La polémique actuelle sur le Printemps Républicain et sur le dernier roman d'Aurélien Bellanger me rappelle la chronique régulière que tenait Caroline Fourest à l’émission Les Matins de France Culture il y a une dizaine d’années. Je ne connaissais pas Mme Fourest. Au début, j’approuvais sa défense de la laïcité, sa critique de l’extrême-droite et son combat pour les droits des homosexuels.
Peu à peu cependant, j’ai été agacé par ses fréquentes contre-vérités, son usage manipulateur de termes comme « universalisme » et ses propos stigmatisant les minorités ethniques et religieuses dont toute forme d’organisation relevait à ses yeux du « communautarisme ». J’étais troublé de constater que ses propos reprenaient les thèmes xénophobes du Front national, même si elle prétendait condamner l’extrême-droite. Comme si cette condamnation était une façade pour préserver une certaine image de pureté. Un reste de sur-moi de gauche, un reste de diabolisation du lepénisme…

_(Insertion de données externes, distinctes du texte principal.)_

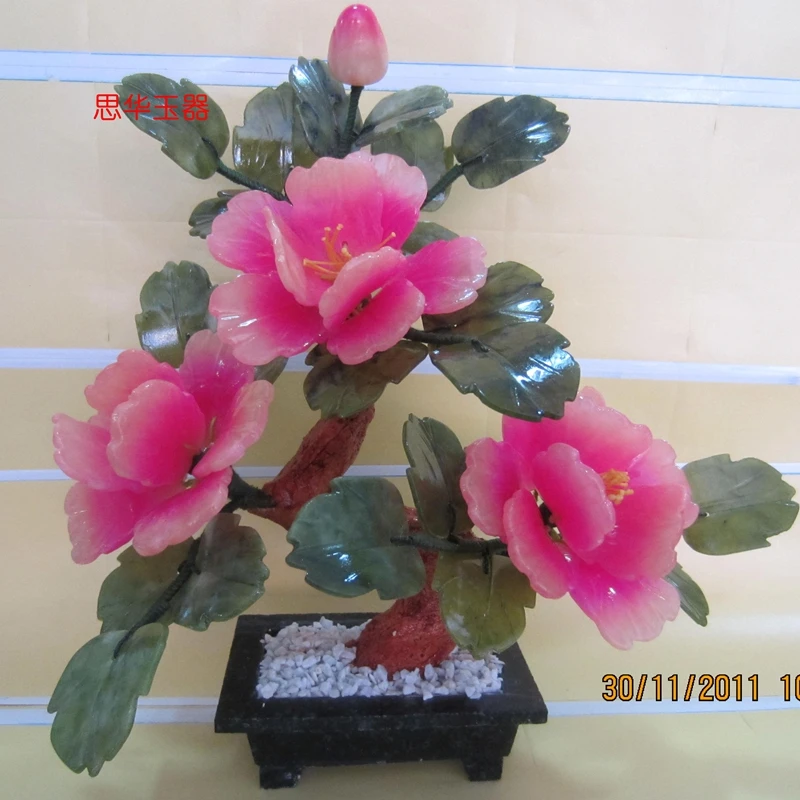 Natural jade bonsai decoration 3 bright pink peony jade ornaments Home Furnishing jewelry gift room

A quelques reprises, elle parla du Canada. Sur ce sujet, elle ne pouvait pas me tromper… Ses propos consistaient à condamner le multiculturalisme, le pluralisme et la tolérance canadiens à partir d’une lecture superficielle, tendancieuse et souvent mensongère de la réalité canadienne. Ce discours me rappelait les condamnations du « cosmopolitisme » chers aux antisémites du début du 20ème siècle. Mme Fourest donna des conférences au Québec et fut accueillie comme une star par la frange xénophobe des nationalistes québécois, heureux de trouver chez une « intellectuelle de gauche » une justification de leur islamophobie.
En décembre 2013, Mme Fourest consacra une chronique à une affaire impliquant la secte juive ultraorthodoxe Lev Tahor accusée au Québec de mauvais traitements à l’égard des enfant. Connaissant assez bien l’affaire, je constatai que Mme Fourest présentait comme des faits des rumeurs sordides qui couraient sur internet et n’avaient reçu aucune validation par des autorités ou des journalistes compétents. Elle en tirait des conclusions péremptoires sur les ravages du multiculturalisme et des « accommodements raisonnables » à la Québécoise et sur la supériorité du « modèle universaliste et laïc » français.

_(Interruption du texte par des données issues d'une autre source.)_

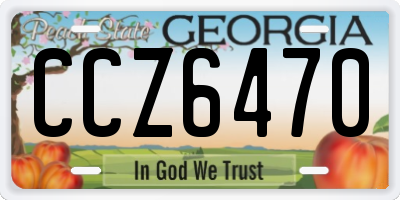 GA license plate CCZ6470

J’ai écrit une lettre aux Matins de France Culture afin de rétablir les faits. Il me semblait que l’exposé des contre-vérités de Mme Fourest, qui, sur la radio publique française, jetaient le discrédit sur les efforts canadiens et québécois de promotion du pluralisme et de la tolérance, méritait un correctif ou au moins une réponse. J’ai attendu. Rien. Pas même un accusé-réception. Silence « radio »…

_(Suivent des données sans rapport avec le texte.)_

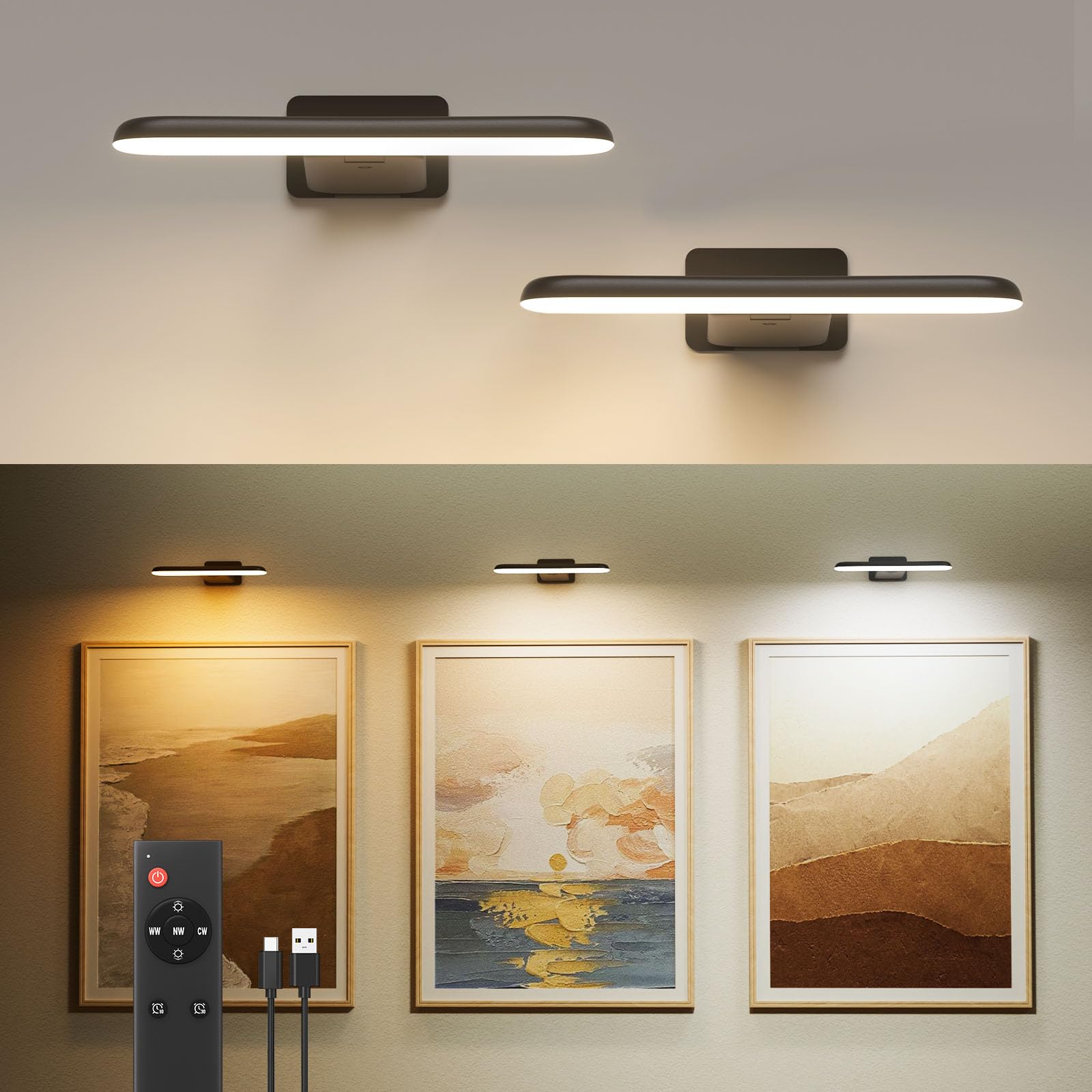 FULEN 2 Pack Picture Lights for Wall,Battery Operated Wall Sconce Rechargeable,LED Wall Light Cordless with Remote,3 Color Tempe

Il ne s'agit pas pour moi de rejeter toute critique du multiculturalisme canadien ni d'inverser les charges en prétendant que ce dernier est supérieur à l'approche assimilationniste française. Il s'agit plutôt de prôner l'honnêteté du débat et la véracité des faits présentés dans les médias publics.
Voici l’intégralité de mon message de décembre 2013 aux Matins de France Culture :
Bonjour à l’équipe des Matins,
Je suis Québécois, j’ai vécu huit ans en France et France Culture représente pour moi le meilleur de votre admirable pays. L’émission « Les Matins » est une source quotidienne d’information et de réflexion dont je tiens à vous remercier.
Je dois dire cependant que j’ai éprouvé un grand inconfort à l’écoute de la chronique du 10 décembre de Mme Caroline Fourest. A partir d’un fait divers sordide impliquant la secte juive ultraorthodoxe Lev Tahor, Mme Fourest proclame des généralités sur le multiculturalisme canadien et suggère la supériorité du « modèle laïc » français.
Passons sur le fait que Mme Fourest présente comme vérité la version la plus sensationnaliste rapportée par les médias, sans informer ses auditeurs que cette version est contestée. Admettons que cette version soit avérée. Il faut une bonne dose de mauvaise foi pour présenter ce cas extrême de délinquance comme représentatif du multiculturalisme canadien. Que diriez-vous si on tirait des conclusion générales sur la laïcité française à partir des cas de Mohammed Merah et de Sohane Benziane ? La secte Lev Tahor, loin d’être encouragée en vertu de la politique de multiculturalisme, est au contraire aux prises avec les autorités judiciaires et civiles québécoises et ontariennes.
Par ailleurs, Mme Fourest tient des propos sur les « accommodements raisonnables » qui révèlent son ignorance affligeante de cette pratique. Contrairement à ce qu’elle affirme, les cas d’accommodements problématiques sont extrêmement rares. La commission de consultation sur les pratiques d’accommodements créée en 2007 pour étudier la « crise des accommodements » au Québec, qui a fait une étude approfondie de la question, a relevé à cette époque 21 cas problématiques et a signalé que dans 15 de ces 21 cas, il existait des distorsions considérables entre la version présentée dans les médias et les faits patiemment reconstitués par la commission.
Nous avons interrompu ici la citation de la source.